In a highly preferred embodiment, the nozzle has a pair of spaced
panels, one each along the front and rear edges of the nozzle.
These panels extend substantially across the width of the machine
and from the nozzle downward toward the carpet. Each such panel has
a lower, generally horizontal edge positioned in close proximity to
a brush. Such panels enhance the granule-retrieving capability of
the nozzle.
The brushes are generally cylindrical in shape and the shroud has a
front portion and a rear portion, both of which are generally
conformably shaped to the curvature of the brushes. A horizontal,
generally planar platform is positioned between the front portion
and the rear portion and the vacuum nozzle is mounted in the
platform.
A second highly preferred embodiment of the machine is arranged in
recognition of a throw pattern having two separate areas, one on
each of the two curved bottom surfaces of the shroud adjacent the
platform. Such machine includes a second vacuum nozzle, the inlet
of which is also adjacent the bottom surface of the shroud. The
nozzles are positioned generally coincident with each of such areas
of the throw pattern. In the second embodiment, both vacuum nozzles
operate simultaneously. In either embodiment, the throw pattern has
a length which extends across the brushes and the length of a
nozzle is about equal to that of the area of the &throw pattern
associated with the nozzle.
The vacuum capability may be provided in any of several ways. For
example, a separate motor may be mounted on the machine to provide
vacuum to the nozzle(s). Vacuum may also be provided by a separate
vacuum-creating machine connected to the carpet cleaning machine by
a flexible hose. Such machines are embodied as either (or both) of
at least two types. One type is caster-mounted, has its own vacuum
motor and waste collection drum and is sold under the "SHOP-VAC"
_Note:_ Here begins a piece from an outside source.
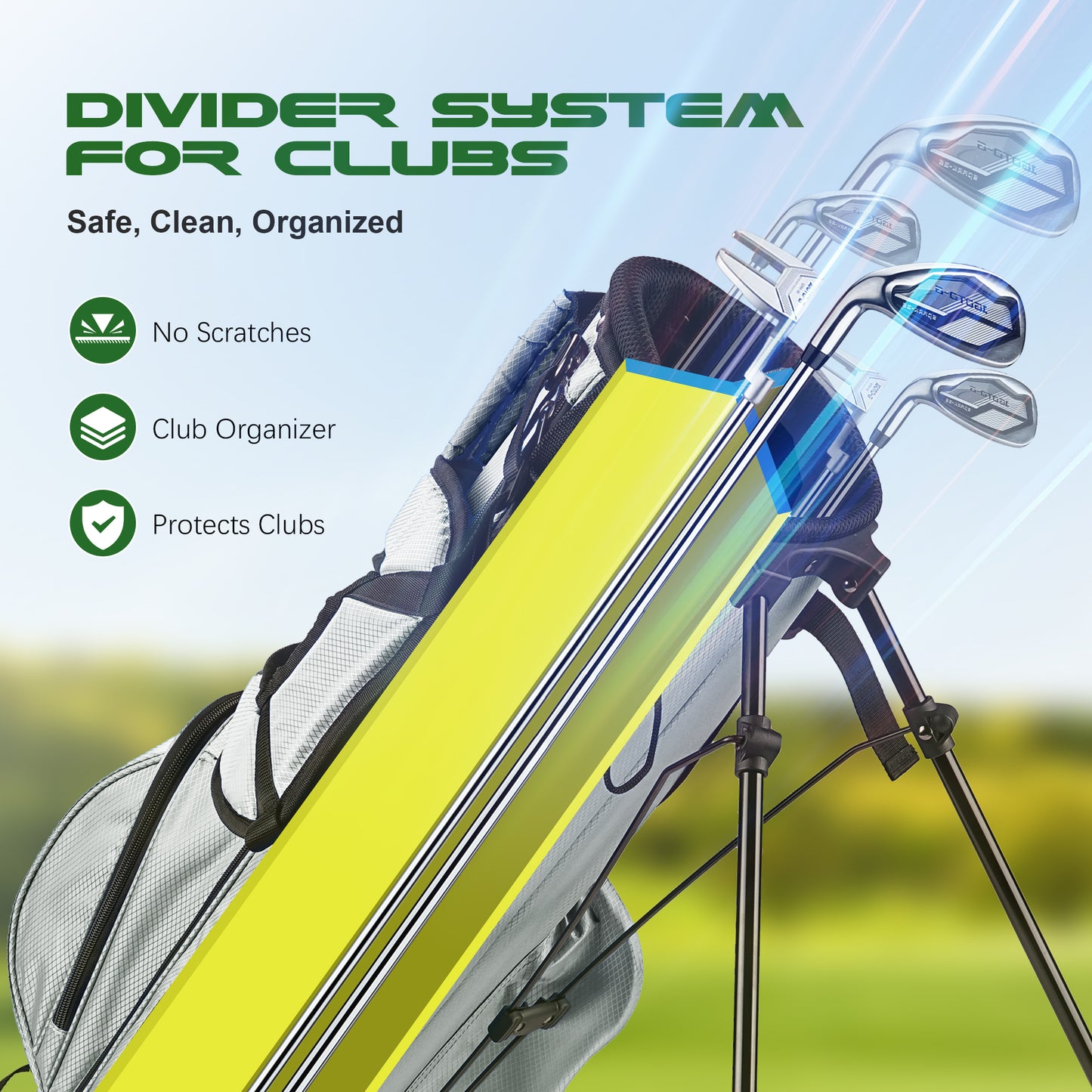 1GoTo-G Junior Golf Stand Bag - Youth Golf Bag Ages 12-14 Lightweight Golf Stand Bag for Children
name. Another type is mounted on a motor vehicle and the flexible
hose extended into the building and attached to the machine when
vacuuming is to be performed.
The preferred machine is devoid of separate support wheels. That
is, the brush has bristles which are relatively stiff and
substantially continuously disposed about the brush. These bristles
deflect only slightly during machine operation and the machine is
supported entirely by the counter-revolving brushes when in
operation. The aforementioned Rench et al. patents are incorporated
herein by reference for their teaching regarding the basic
structure used to make the inventive machine.
BRIEF DESCRIPTION OF THE DRAWINGS
FIG. 1 is an elevation perspective view of a first embodiment of
the machine.
FIG. 2 is an elevation perspective view similar to that of FIG. 1
but showing a second embodiment of the machine and the side of the
machine opposite that shown in FIG. 1.
FIG. 3A is a cross-sectional side elevation view of a portion of
the machine shown in FIG. 1, taken along the viewing plane 3--3
thereof, with the vacuum nozzle and other parts omitted to show the
granule throw pattern of the first embodiment.
FIG. 3B is a cross-sectional side elevation view similar to FIG. 3A
and showing the vacuum nozzle of the first embodiment.
FIG. 4A is a cross-sectional side elevation view of the machine
shown in FIG. 2, taken along the viewing plane of 4--4 thereof,
with the vacuum nozzles and other parts omitted to show the granule
throw pattern of the second embodiment.
FIG. 4B is a cross-sectional side elevation view similar to FIG. 4A
and showing the vacuum nozzles of the second embodiment.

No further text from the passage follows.